Haley Wants Balance In Chiefs Offense

bob gretzContributor IMay 17, 2009

GLENDALE, AZ - JANUARY 18:  Offensive Coordinator Todd Haley of the Arizona Cardinals looks on against the Philadelphia Eagles during the NFC championship game on January 18, 2009 at University of Phoenix Stadium in Glendale, Arizona.  (Photo by Jed Jacobsohn/Getty Images)

Since the time Todd Haley was hired as head coach back in February, many among the pundit class and the average fan of the red and gold have been trying to decipher how the 2009 Chiefs would look on offense and defense.

Almost all the attention has been on whether the Chiefs would play a 4-3 or 3-4 defense.  There have been lengthy debates on the airwaves and over the blogosphere about the merits of each scheme and the availability of talent wearing red and gold to play them.  Invariably, Haley was asked questions seeking answers to the defense.

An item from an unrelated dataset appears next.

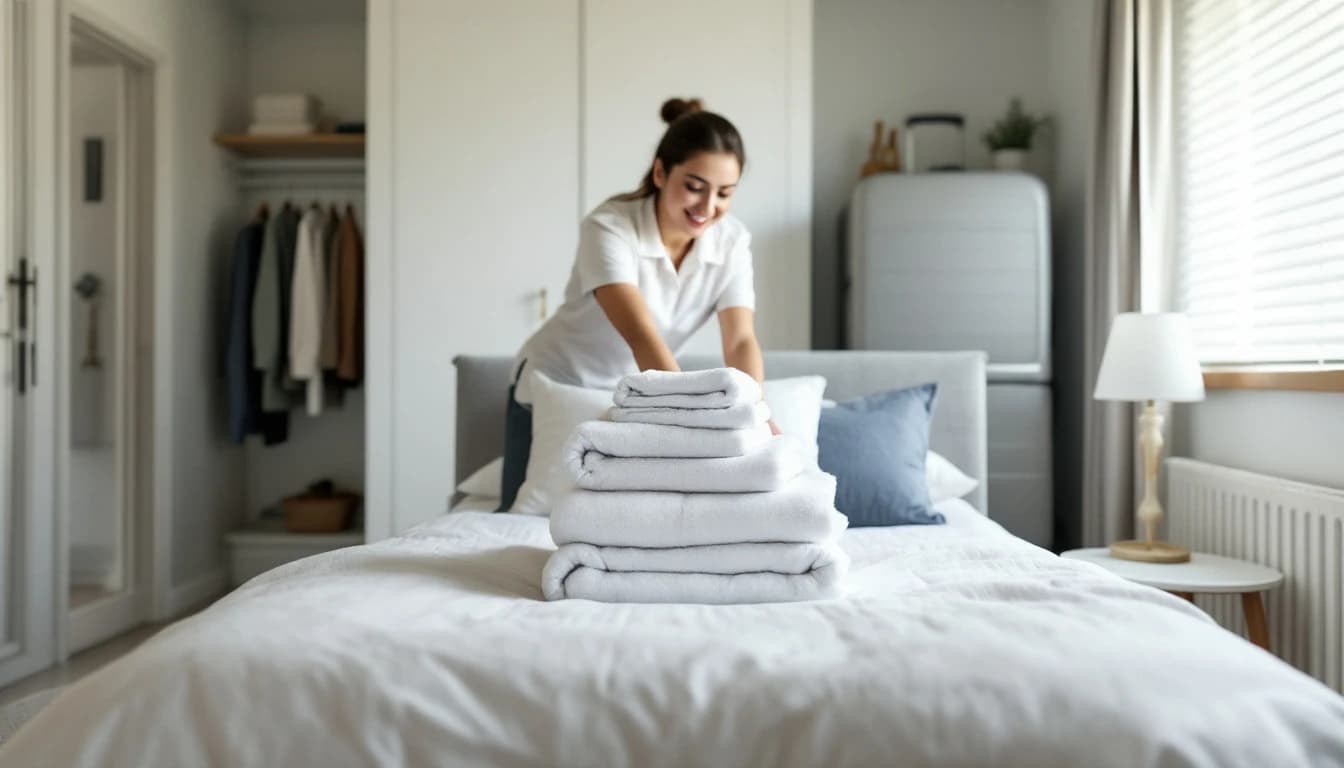 Cleaner making a bed with crisp white linens in a compact Bedford, TX short-term rental bedroom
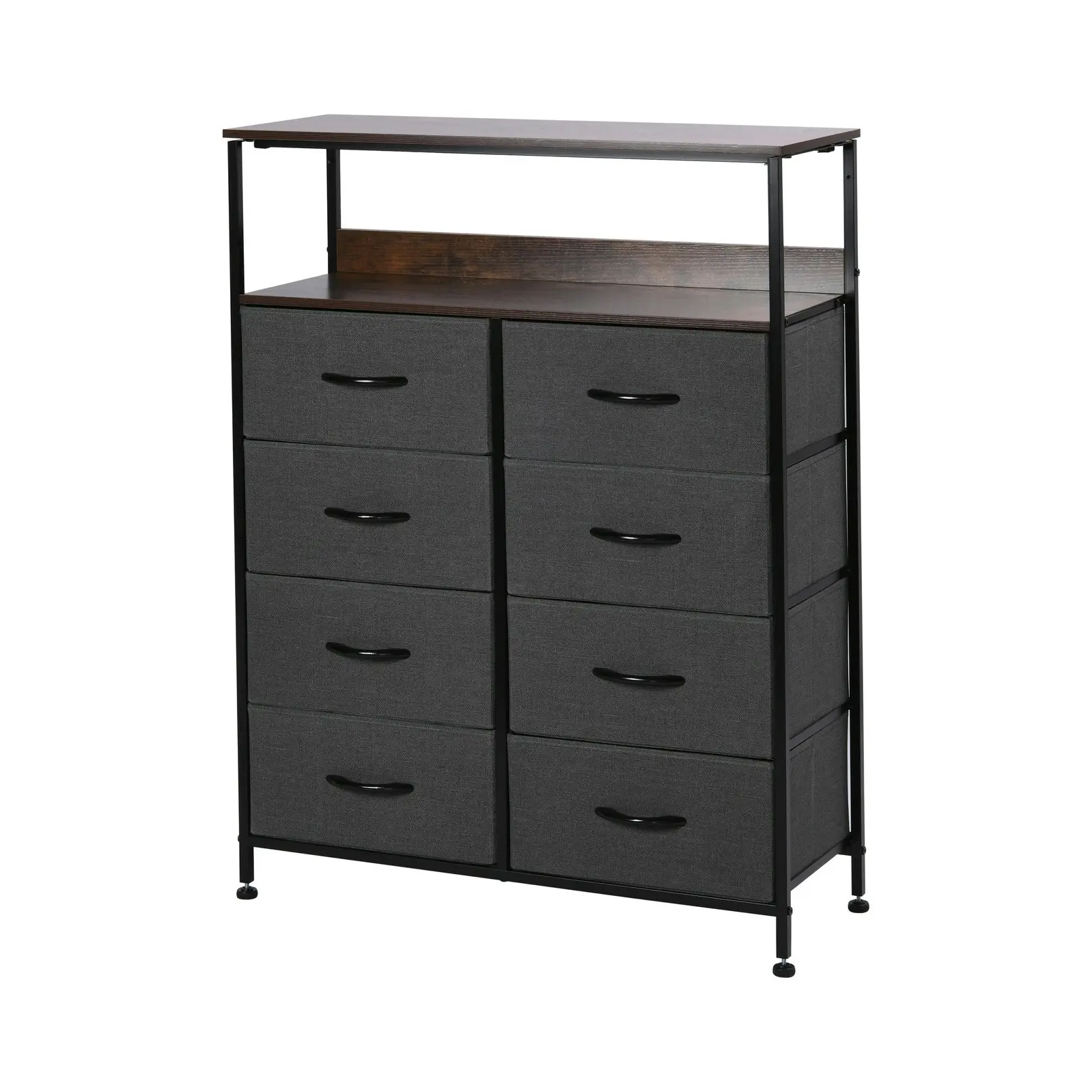 Sherwood Luna 8 Drawer Fabric Home Storage Dresser With Shelf Charcoal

The truth is, there’s no definitive answer, because Haley and his coaching staff are still trying to figure out what type of players they have on the roster right now.  Certainly, the Chiefs are going to move in the direction of the 3-4 defense; when your top talent evaluator is a guy who helped build a Super Bowl winning 3-4 defense, it wouldn’t make much sense to not tap that talent and history.

As for the ’09 Chiefs, it would be folly for them to attempt to play the 3-4 without players who fit the system.  That’s why this year’s defense figures to be a combination of the two schemes, designed to fit the skills of the players that survive training camp and the preseason and are on the roster to play the season opener in Baltimore. 

It will morph into different looks throughout the season, as players improve or regress on the production spectrum.

There have been far fewer questions and very little discussion on what type of offense the Chiefs will employ in the ’09 season. There seems to be a general feeling in the Chiefs Nation that, based on the type of offense Haley coordinated during his two years with the Arizona Cardinals, this year’s red and gold offense is going to throw, throw, throw, and throw the ball.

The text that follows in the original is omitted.